Já antes, Adriano Squilacce tinha perguntado: “Queria ficar com o lugar de Ricardo Salgado?”. Ricciardi respondeu: “Não, isso foi a narrativa que ele usou”.
O número dois que ganhava mais do que o número um
Durante a sua inquirição, José Maria Ricciardi reafirmou que nunca teve conhecimento dos chamados “pagamentos por fora” que alguns quadros do BES recebiam através do “saco azul” do grupo, a ES Enterprises. Neste ponto, aliás, Ricciardi até contou um episódio com Ricardo Abecassis Espírito Santo, presidente do BESI/Brasil, ou, como explicou, o número dois do banco de investimento.
“Só depois do início desta investigação é que soube desses pagamentos. Inclusivamente, até me apercebi que elementos da minha própria família recebiam por aí. E fiquei muito surpreendido”, declarou.
E deu um exemplo concreto: “Uma das pessoas da família, que era o presidente executivo do Banco no Brasil, queixava-se que ganhava pouco, mas ganhava bem para o nível de vida em Portugal e no Brasil. E ele ganhava um pouco menos do que eu, mas achava que ganhava pouco… Fiquei absolutamente boquiaberto quando soube desses pagamentos…Ele não podia ganhar mais do que eu, que era o número um”. “Quando soube dos pagamentos, vim a perceber que ele ganhava muito mais do que eu”, finalizou.
Quanto ao motivo concreto do seu testemunho, José Maria Ricciardi declarou não acreditar que o arguido João Martins Pereira estivesse a par do esquema de falsificação de contas que terá sido levado a cabo para esconder o problemas do BES. “Este é um exemplo de como convém ouvir uma testemunha pela segunda vez, mesmo que ela tenha sido ouvida em inquérito”, sublinhou o advogado Paulo da Matta.
À saída do Tribunal Central de Instrução Criminal (TCIC), Ricciardi confirmou não ter sido confrontado com qualquer facto novo pelo juiz de instrução Ivo Rosa e escusou-se a prestar mais declarações, alegando cansaço. “Estou muito cansado, mas foi muito esclarecedor”, disse unicamente sobre a diligência, da qual saiu acompanhado do seu advogado Pedro Reis.

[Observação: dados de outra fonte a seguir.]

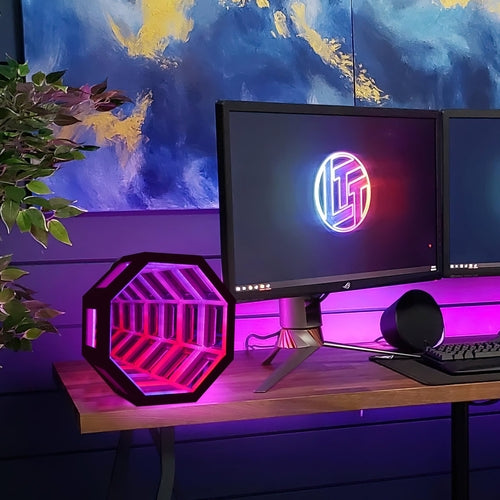 LED Infinity Mirror Light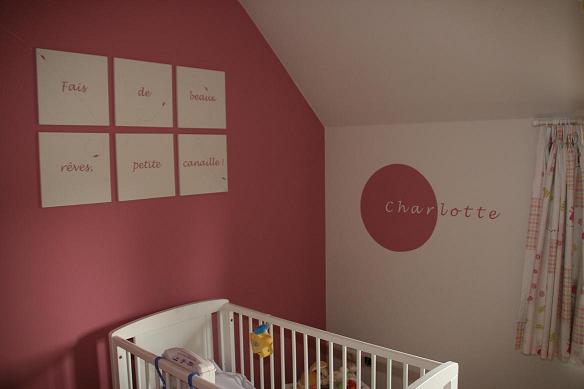decoration chambre de bebe peinture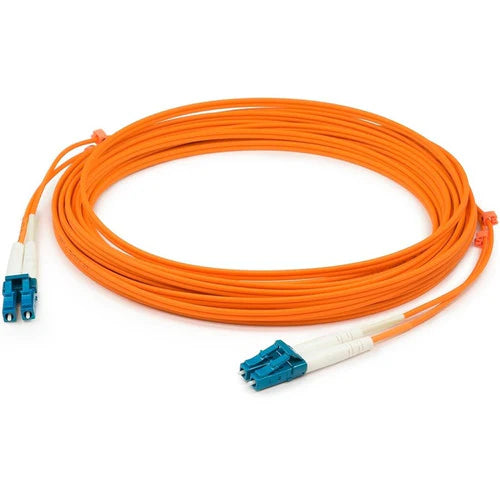 Câble de raccordement orange duplex LC/LC OM1 en fibre multimode (MMF) AddOn 15 m ADD-LC-LC-15M6MMF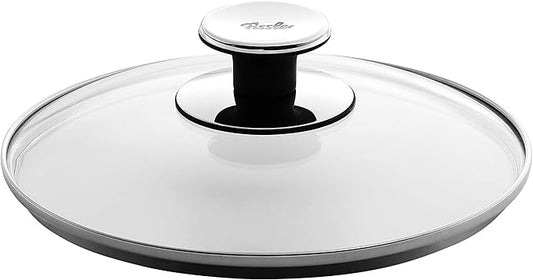 Fissler Comfort 9.5 Inch Glass Lid, Full View Cooking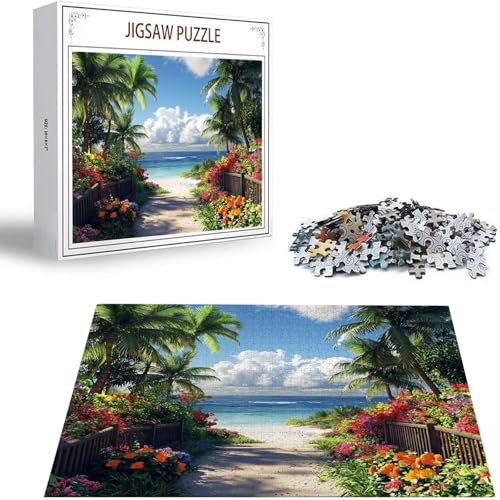 Puzzle 2000 Teile Meerblick Puzzle Erwachsene, Holzpuzzle Erwachsene Puzzelmatten, Mehrfarbig Holzpuzzle, Klassische Puzzles Strand Wooden Jigsaw, Geschicklichkeitsspiel für die Ganze Familie S-151 Puzzle 2000 Teile Meerblick Puzzle Erwachsene, Holzpuzzle Erwachsene Puzzelmatten, Mehrfarbig Holzpuzzle, Klassische Puzzles Strand Wooden Jigsaw, Geschicklichkeitsspiel für die Ganze Familie S-151 von Saweefog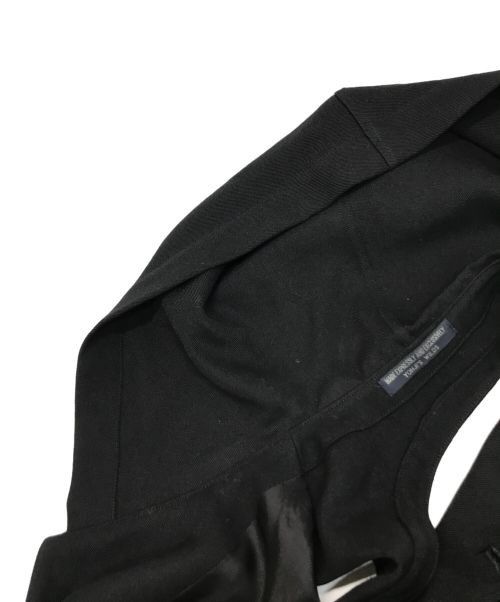 Yohji Yamamoto YOHJI YAMAMOTO REGULATION BLACK Hooded vest Size US XL / EU 56 / 4 - 5 Thumbnail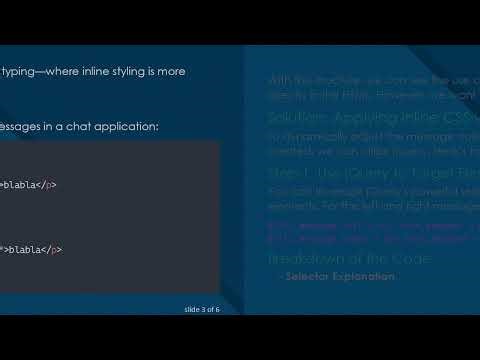 How to Add Inline CSS to Dynamically Created Elements with JavaScript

Esta semana, os procuradores do Ministério Público (MP) do processo do Banco Espírito Santo (BES) acusaram o juiz Ivo Rosa de confundir a sua liberdade de ação na condução da fase de instrução do caso com “arbitrariedade”. Na base desta acusação está o facto de o magistrado judicial ter aceitado ouvir durante esta fase processual 56 testemunhas, 26 das quais já foram inquiridas durante a fase de investigação do processo, algumas delas por mais do que uma vez. O depoimento do antigo primeiro-ministro Pedro Passos Coelho, arrolado pela defesa de Ricardo Salgado, é um dos que o MP considera como irrelevante
O processo BES/GES conta com 30 arguidos (23 pessoas e sete empresas), num total de 361 crimes. Considerado um dos maiores processos da história da justiça portuguesa, este caso agrega no processo principal 242 inquéritos, que foram sendo apensados, e queixas de mais de 300 pessoas, singulares e coletivas, residentes em Portugal e no estrangeiro.
Segundo o Ministério Público (MP), cuja acusação contabilizou cerca de quatro mil páginas, a derrocada do Grupo Espírito Santo (GES), em 2014, terá causado prejuízos superiores a 11,8 mil milhões de euros.